__Work request__:
Please return the lines from the one with "Фото - Картина" through the end of the listing below, word for word, with every picture left out.

__Dataset records__:
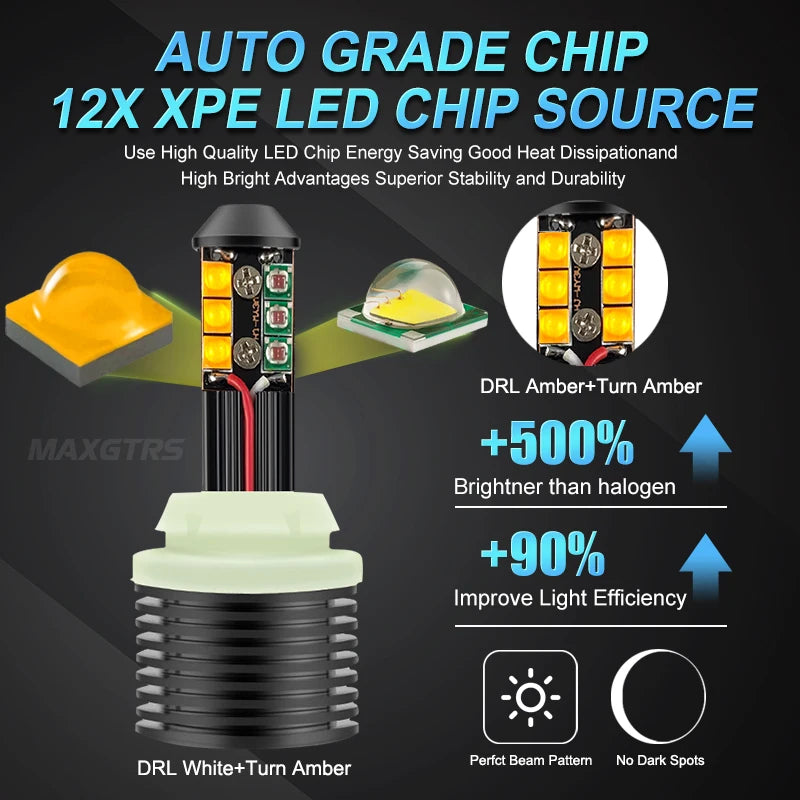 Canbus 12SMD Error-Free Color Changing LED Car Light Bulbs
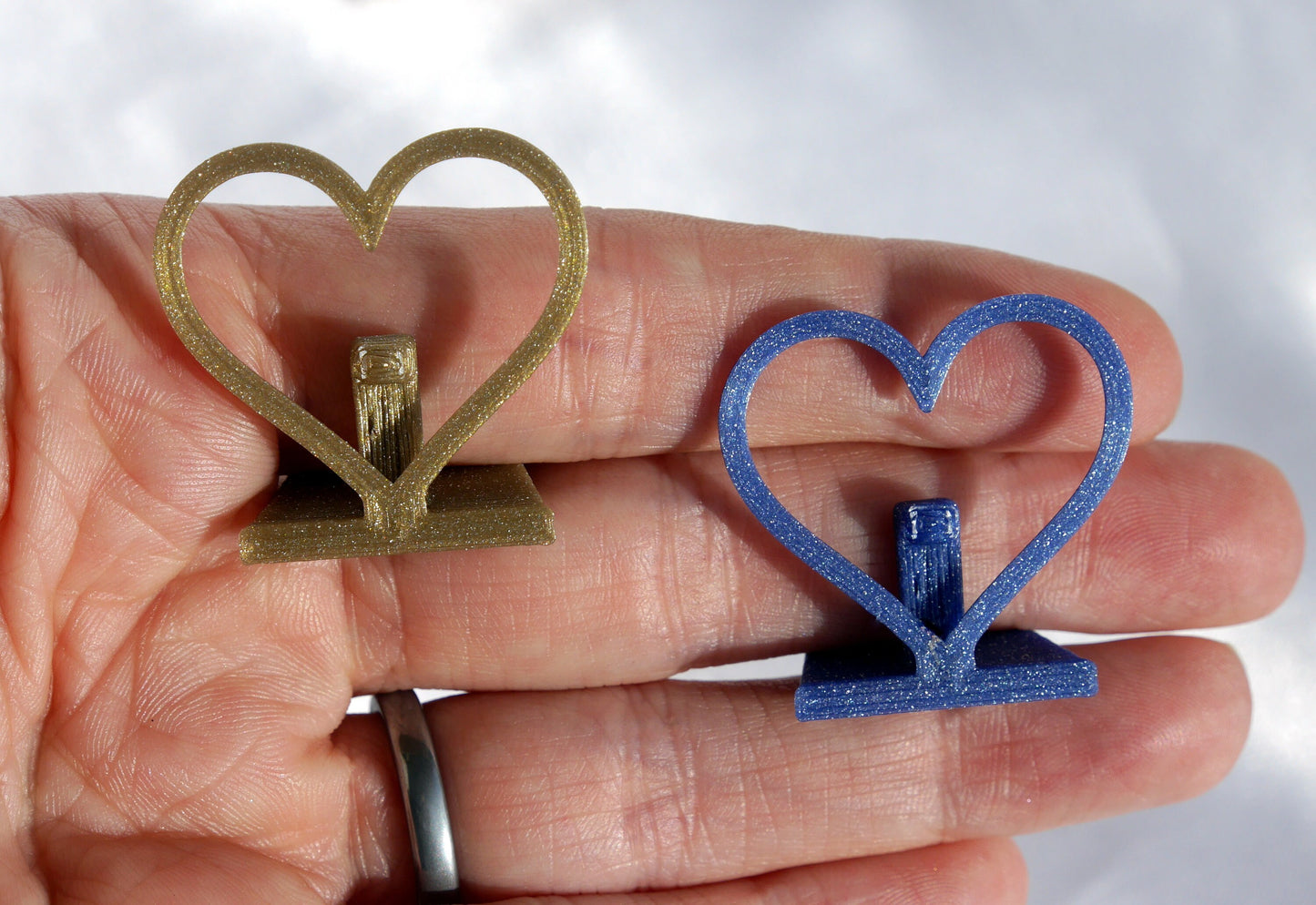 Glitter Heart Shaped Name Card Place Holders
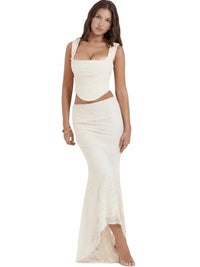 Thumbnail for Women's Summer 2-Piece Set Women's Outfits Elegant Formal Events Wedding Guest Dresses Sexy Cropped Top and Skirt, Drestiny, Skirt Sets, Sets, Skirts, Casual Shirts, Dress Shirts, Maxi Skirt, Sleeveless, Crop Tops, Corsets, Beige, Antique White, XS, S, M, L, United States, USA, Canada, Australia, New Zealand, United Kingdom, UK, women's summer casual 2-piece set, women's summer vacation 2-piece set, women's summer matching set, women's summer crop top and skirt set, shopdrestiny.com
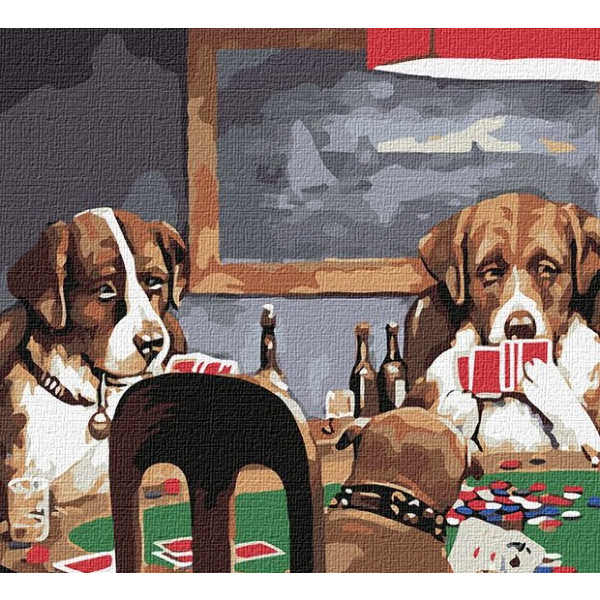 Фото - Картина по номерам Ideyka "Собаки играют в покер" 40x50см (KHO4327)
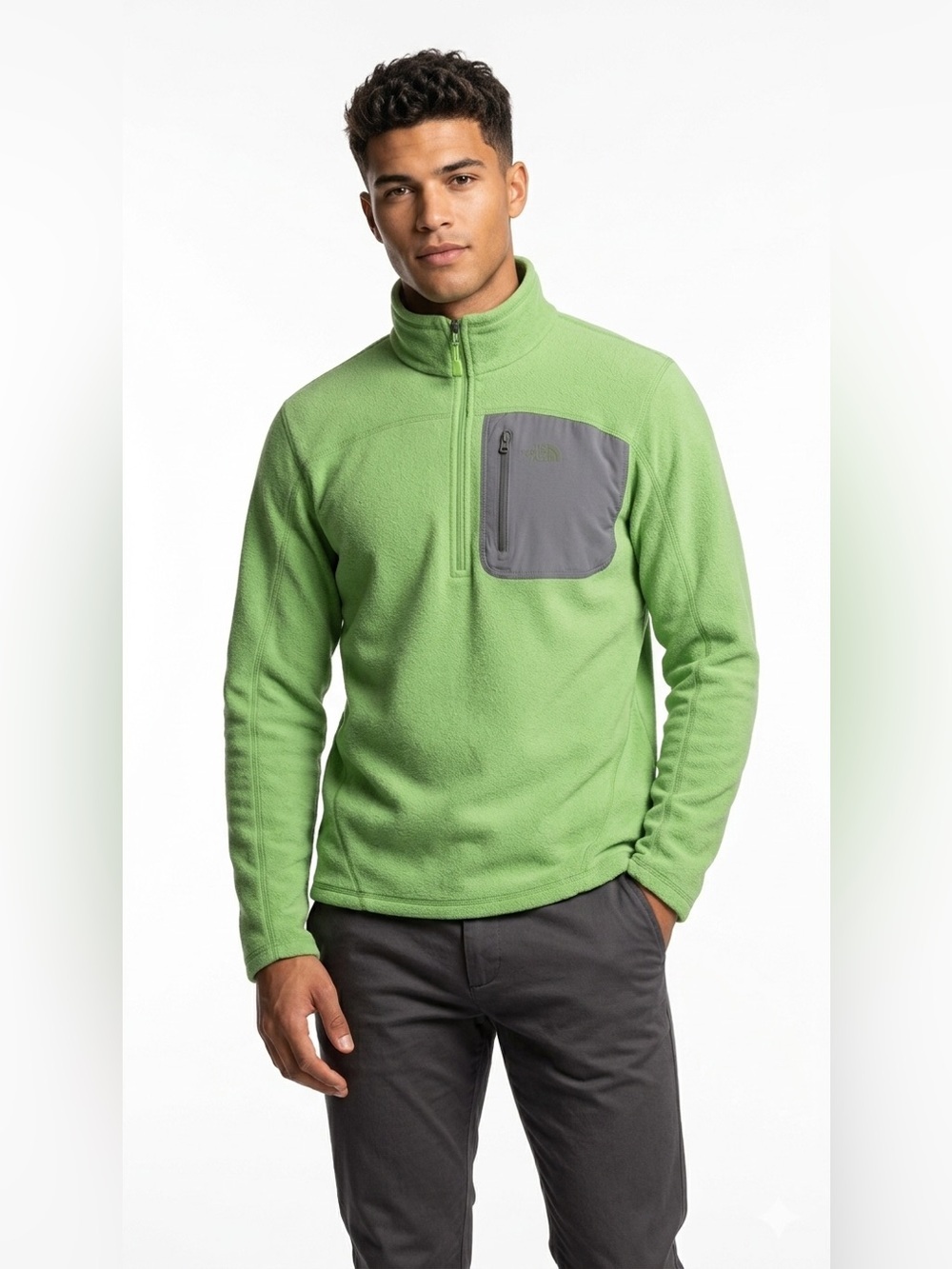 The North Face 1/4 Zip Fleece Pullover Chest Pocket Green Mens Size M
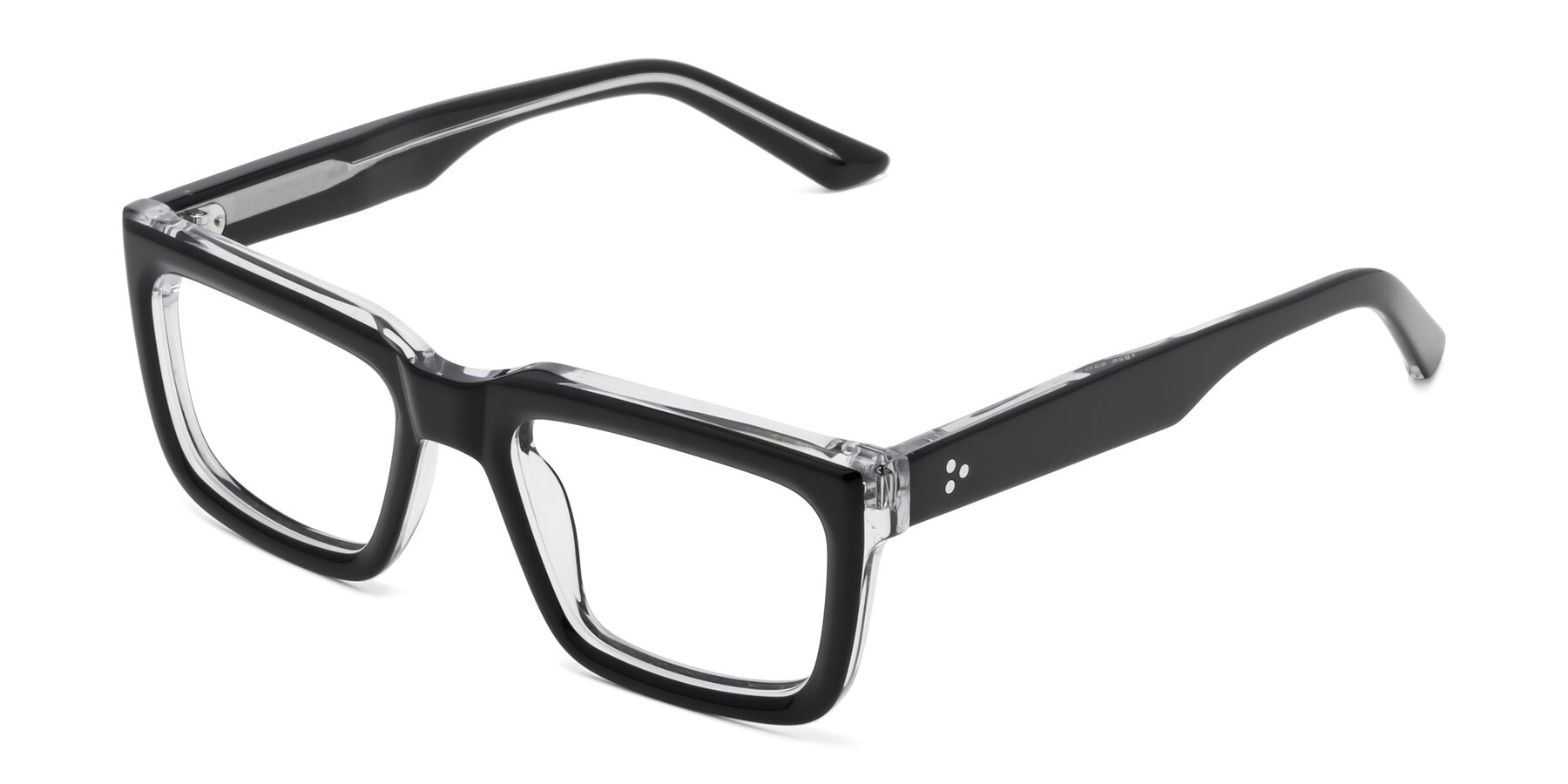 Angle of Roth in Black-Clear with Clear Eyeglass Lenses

__Answer space__:
 Фото - Картина по номерам Ideyka "Собаки играют в покер" 40x50см (KHO4327)
 The North Face 1/4 Zip Fleece Pullover Chest Pocket Green Mens Size M
 Angle of Roth in Black-Clear with Clear Eyeglass Lenses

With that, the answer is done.